When purchasing property, mortgage terms can greatly impact the price of the investment. Using a mortgage broker can help you save money by helping you find favourable interest rates and conditions. (Contact us for our recommended partners)
In Spain, you need to add on taxes such as IBI, Basura, non-resident income tax, irpf (as mentioned in a previous article). We strongly recommend you consult with a reliable accountant/gestor before calculating your own ROI on Spanish rental property. (NOTE: Our bespoke property finder service includes this consultation as part of the initial research process).
If you buy a property outright, calculating its ROI is fairly straightforward.
Calculating the ROI on Spanish Rental Property: Cash Purchase
Here is an example of a rental property purchased with cash:
- You pay €100,000 in cash for the buy to let property.
- The purchase costs are €12,000 bringing your total investment to €112,000 for the property.
- You collect €500 in rent every month.
12 months later:
- You earned €6,000 in rental income for that year.
- However, there were expenses including the nonresident tax, property taxes, and insurances totaling €600 for the year or €50 per month. *(NOTE: there are many expenses that can be deducted to improve your annual rental income figure, check this with your gestor/accountant)
- Your annual return is €5,400 for the year (€6,000 – €600).
To calculate the property’s ROI:
- Divide the annual return (€5,400) by the amount of the total investment or €112,000.
- ROI = €5,400 ÷ €112,000 = 0.048 or 4.8%.
- Your ROI is 4.8%.
Calculating the ROI on Spanish Rental Property: Purchase with Mortgage
Calculating the ROI on financed transactions is a little more complicated.
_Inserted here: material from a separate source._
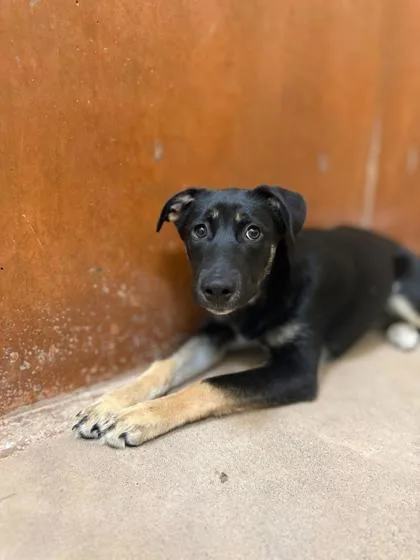 A baby small-sized female Rottweiler dog named Zelda for adoption in Burlington, WA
For example, you purchased the same €100,000 rental property as above, but instead of paying cash, you took out a mortgage.
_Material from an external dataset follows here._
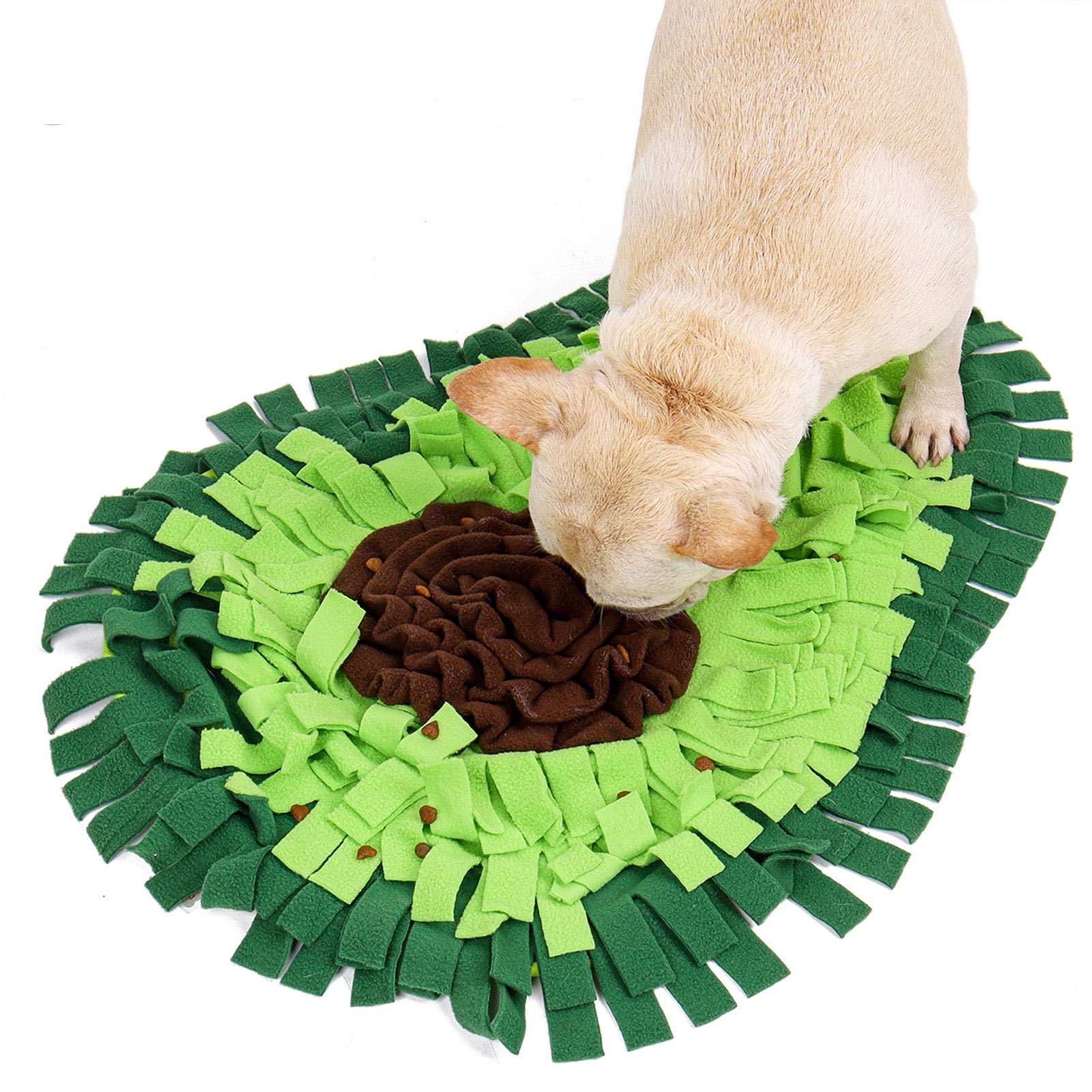 Avocado Adventure Snuffle Mat for Dogs 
- The down payment needed for the mortgage was 40% of the purchase price or €40,000 (€100,000 sales price x 40%).
- Total purchase costs are higher (14%) due to the mortgage, totalling €14,000.
- Your total purchase costs are €54,000 (€40,000 + €14,000).
Plus, there are ongoing costs associated with the mortgage.
- Let’s assume you took out a 25-year loan with a fixed 2.5% interest rate. On the borrowed €60,000 (€100,000 sales price minus the €40,000 down payment), the monthly principal and interest payment would be €269.17.
- Rental income of €500 per month for a total of €6,000 for the year.
- Your monthly cash flow was of €230.83 monthly (€500 rent – €269.17 mortgage payment).
Over 12 months:
- You earn €6,000 in rental income for the year, at €500 per month.
- Annual adhoc costs of €600 based at €50 per month
- Your annual return is €2169.96 (€230.83 x 12 months).
To calculate the property’s ROI:
- Divide the annual return by your original purchase expenses (the deposit payment of €40,000, plus purchasing costs of €14,000) to determine the ROI.
- ROI: €2169.96 ÷ €54,000 = 0.0502.
- Your ROI is 5.02%.
So there you have our introduction to how to calculate ROI on Spanish rental property. In our introductory examples, for ease of comprehension, we focused solely on long-term rentals. There are many more methods and calculations should you wish to delve deeper. This article may be of interest: “How to Value a Real Estate Investment Property.”
From these simple calculations, you can see that ROI differs depending on whether the property is financed via a mortgage or paid for in cash. In general, the less cash paid upfront as a down payment on the property, the larger the mortgage loan balance, and the greater your ROI. Conversely, the more cash paid upfront and the less you borrow, the lower your ROI, since your initial cost would be higher. In other words, taking out a mortgage allows you to boost your ROI in the short term since your initial costs are lower.